Question

If a man of weight $W$ is standing in a lift moving upward with an acceleration a, then apparent weight of the man will be:
A. $W\left( {1 + \dfrac{a}{g}} \right)$
B. $W$
C. $W\left( {1 - \dfrac{a}{g}} \right)$
D. $W\left( {1 - \dfrac{{{a^2}}}{{{g^2}}}} \right)$

Answer 1

This is the question of Newton’s laws of motion. The pseudo force acts on the person due to motion in a non-inertial frame (Lift). So, the solution is given by conversion of non-inertial frame to inertial frame with the help of pseudo force.

Complete answer:

As we know that when lift moves upward or downward, it accelerates or de-accelerates. Which denotes that the lift behaves as a non-inertial frame. So, if we want to observe the phenomena inside the lift, we should convert this non-inertial frame to an inertial frame.
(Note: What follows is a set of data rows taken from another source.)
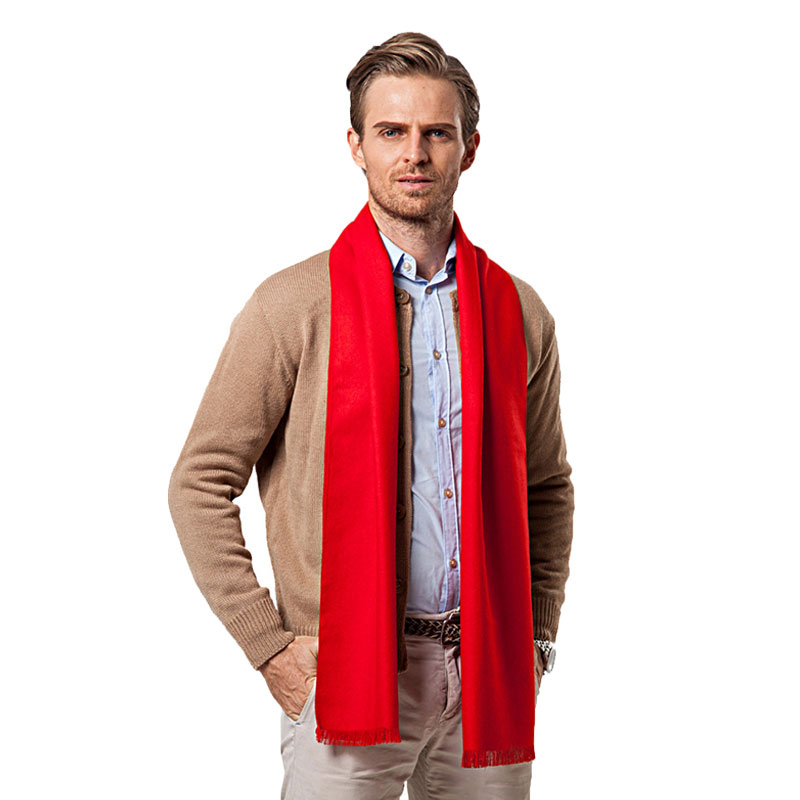 Shawl Wrap Winter - Fashion Winter Solid Color Men Red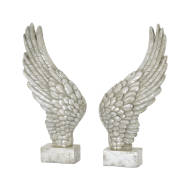 Large Freestanding Antique Silver Angel Wings Ornament - Thumb 1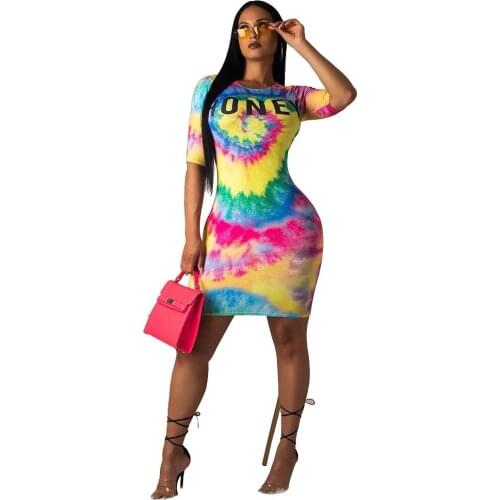 S-XL Womens Sexy Honey Text Print Tie Dye Bodycon Dress Short Sleeve Club Mini Dress T Shirts Dresses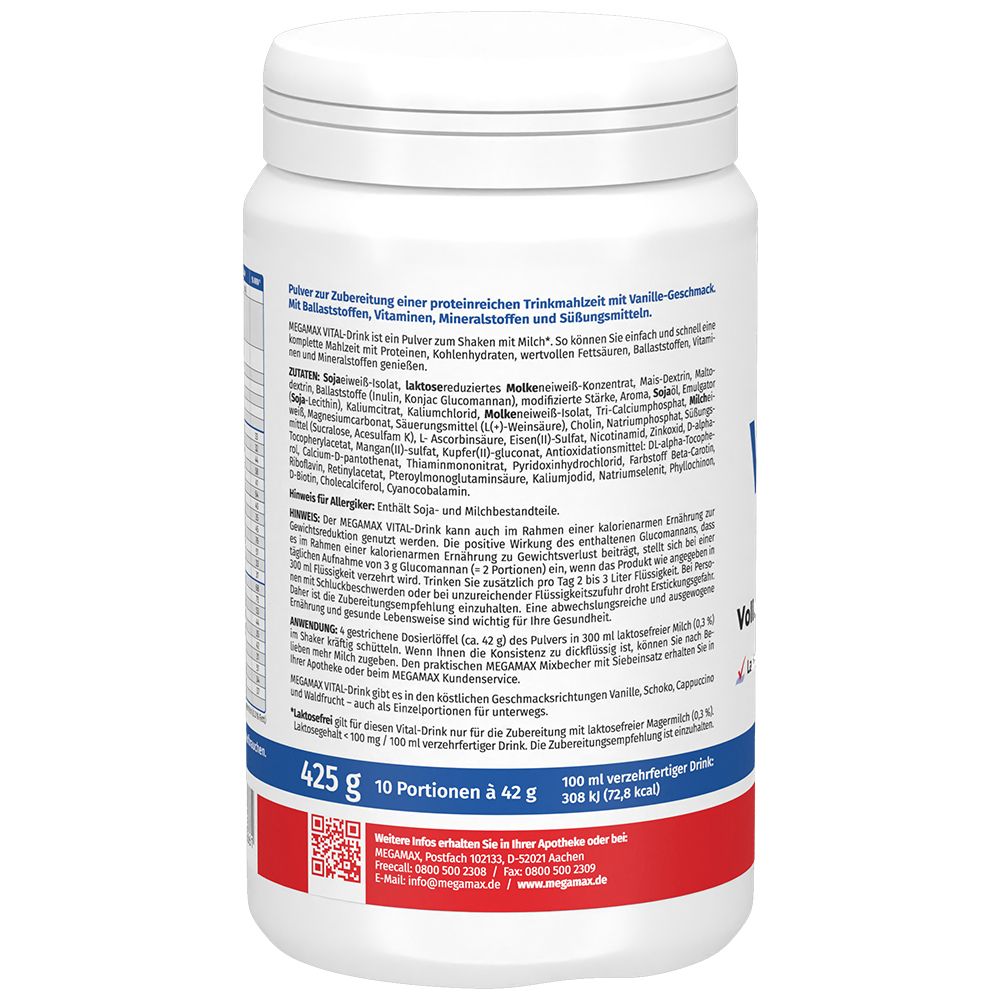 MEGAMAX VITAL-Drink Vanille 425 g Pulver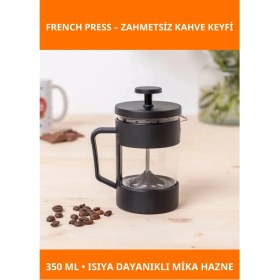 Resim Letsii Siyah 350 ml Kapasiteli Estetik French Press 
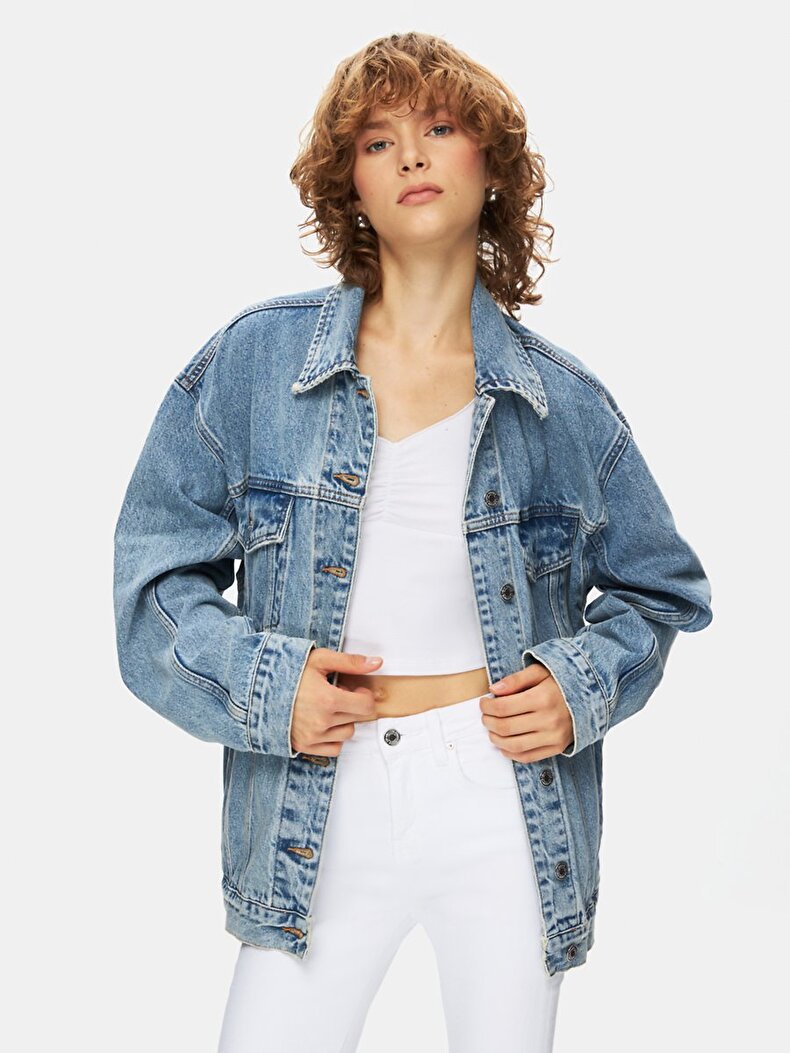 Monalıs Oversıze Jean Ceket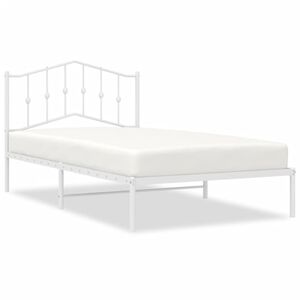 vidaXL Cadre de lit métal sans matelas et tête de lit blanc 100x200 cm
Because we can apply Newton’s laws of motion only for inertial frames of reference.
To convert a non-inertial frame to an inertial frame, we use pseudo force on the person.
Apparent weight is the virtual weight of man that makes the sense of heaviness or weightlessness during the motion of lift.
From the figure we can say that as lift is accelerated upwards, we can say that,
Applying Newton's law of motion,
Here, $R$ is the pseudo force acting upwards or Apparent weight.
$R - mg = ma \\\ \Rightarrow R = mg + ma \\\ \Rightarrow R = mg\left( {1 + \dfrac{{ma}}{{mg}}} \right) \\\ \Rightarrow R = mg\left( {1 + \dfrac{a}{g}} \right) \\\ \Rightarrow R = W\left( {1 + \dfrac{a}{g}} \right) \\\$
As, $mg = W$
So, apparent weight of the man is $W\left( {1 + \dfrac{a}{g}} \right)$
Hence, the correct option is A.

Note:
Sometimes we don’t remember that the lift constructs a non-inertial frame and applies Newton’s laws to the question, which will end up wrong in this condition. So, always make sure that the given frame is inertial.